Having finished in the main plaza, competitors do not have to move, as this is also where the finishing party is. A huge barbecue is the order of the day with local wheat beer brewed specially for the occasion, an intimate prize giving ceremony is followed by local musicians and dancers before getting some much-needed rest and the coach ride back to Chihuahua the following day.
Day 5 Standings
1. Marina Ranger 05:35:43
2. Sayuri Imanishi 06:23:25
3. Alise Miksta 07:20:24
1. Miguel Lara 03:28:15
2. Silvino Cubesare 03:44:11
3. Jason Schlarb and Gediminas Grinius 03:45:09
Ultra X Mexico had been billed as the toughest multi-stage race on the planet with the hope that those who came would respect the challenge of the canyons and be well prepared. It was the race for the experienced ultra-runner who wanted to challenge themselves in the toughest conditions. In hindsight, perhaps it should have been billed as the world’s most unique ultramarathon.

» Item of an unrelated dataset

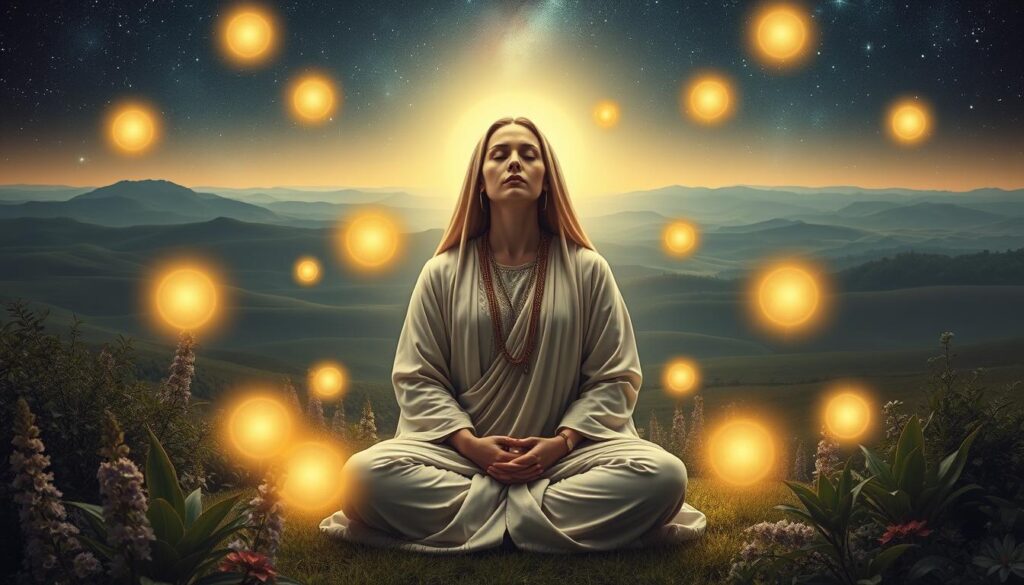 high priestess financial wisdom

The ultrarunning culture of the local area means that when participants arrived in Creel, leaving the world of Wi-Fi, email and Instagram, they entered a bubble that only stage racing in such an environment can create. The race was in fact just a vehicle in which the participants could immerse themselves into the Copper Canyon experience — the villages, people, and the joy of running on some of the world’s best trails.
Running alongside the Rarámuri, who gave their all every single day despite not having all the advantages of technology, nutritional science or routine training provided a priceless experience. A lot of emphasis on races such as these can be put on the route, the distance and the elevation, but it is often forgotten that the most important part of these events is spending quality time together with others in a magical outdoor place.
As Caballo Blanco says in the famous book Born to Run “we run not to beat each other, but to be with each other”. This race certainly backed this up and the memories formed last week, and friendships created while in the Copper Canyon will be priceless and last forever.
As director it was a pleasure to meet such an inspiring group, who all arrived as individuals, made it through the week, and left as a family.
Well done, thank you and congratulations to all.